Top of Task material
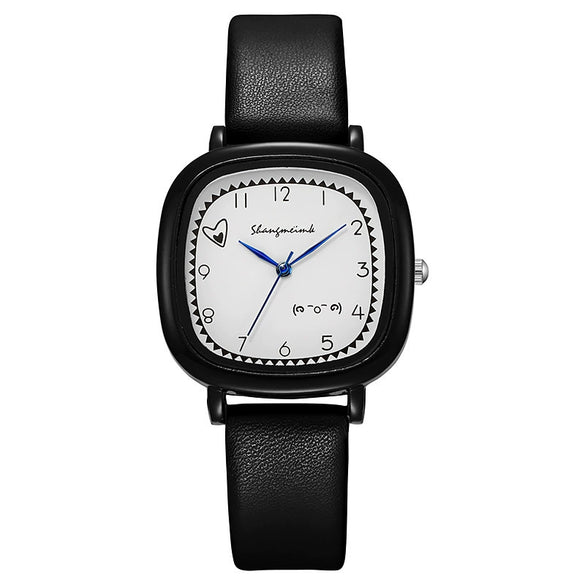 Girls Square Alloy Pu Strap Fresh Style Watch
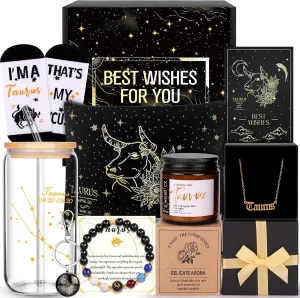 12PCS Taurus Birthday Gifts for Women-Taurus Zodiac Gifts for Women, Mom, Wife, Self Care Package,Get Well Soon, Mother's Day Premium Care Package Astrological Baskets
Bottom of Task material
Top of Task material
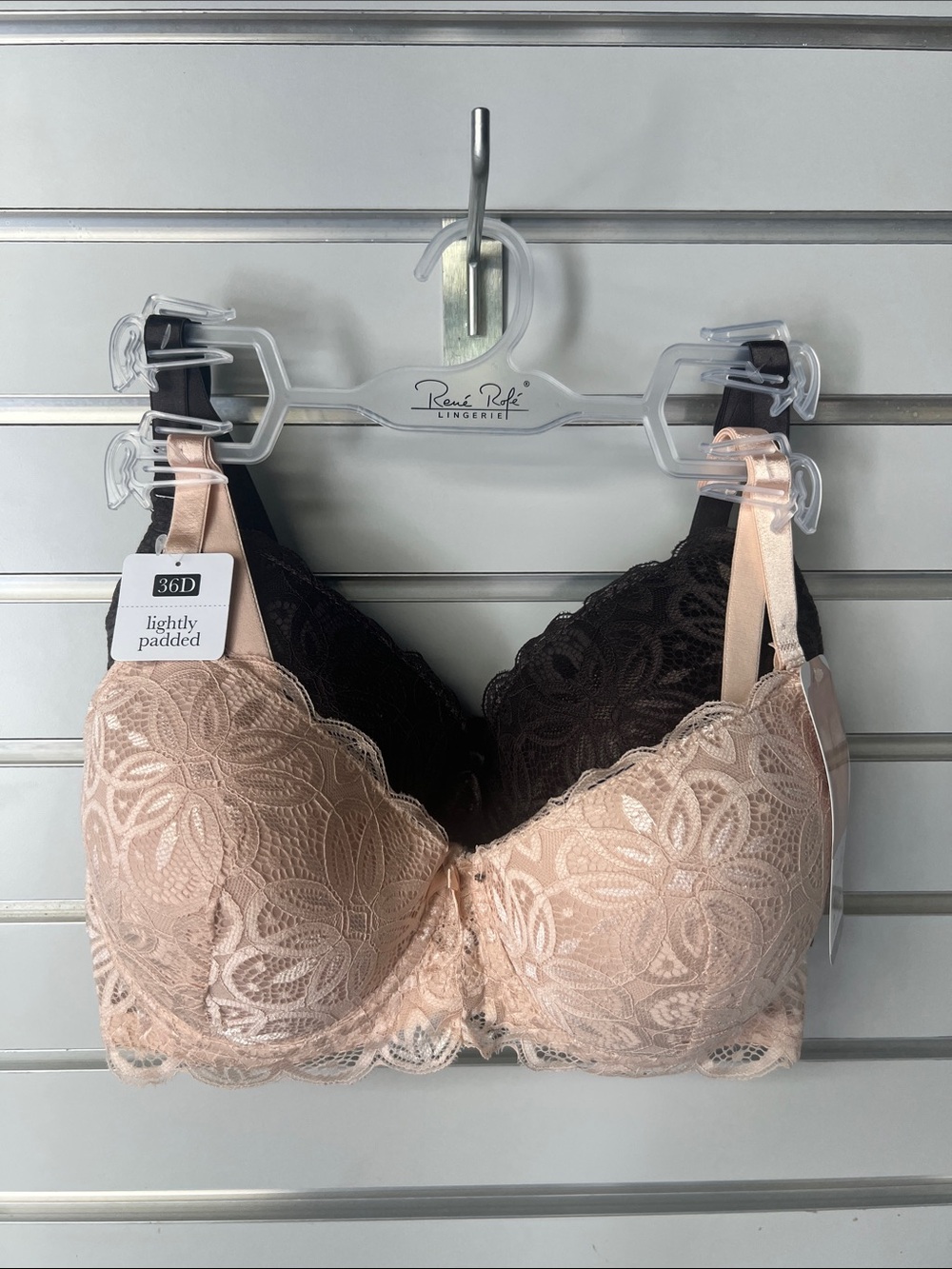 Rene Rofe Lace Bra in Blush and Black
Bottom of Task material
Top of Task material
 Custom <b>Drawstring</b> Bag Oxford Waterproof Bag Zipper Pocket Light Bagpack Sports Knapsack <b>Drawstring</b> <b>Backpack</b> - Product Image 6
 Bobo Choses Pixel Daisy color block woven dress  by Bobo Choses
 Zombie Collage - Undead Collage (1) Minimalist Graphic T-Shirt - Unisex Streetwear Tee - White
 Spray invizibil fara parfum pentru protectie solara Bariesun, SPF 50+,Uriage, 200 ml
Bottom of Task material
▸ **What you have to do**
Write out the lines above from the one with "Girls Square Alloy" through the one with "12PCS Taurus Birthday", ends included, exactly; no picture goes in.

▸ **Worked solution**
 Girls Square Alloy Pu Strap Fresh Style Watch
 12PCS Taurus Birthday Gifts for Women-Taurus Zodiac Gifts for Women, Mom, Wife, Self Care Package,Get Well Soon, Mother's Day Premium Care Package Astrological Baskets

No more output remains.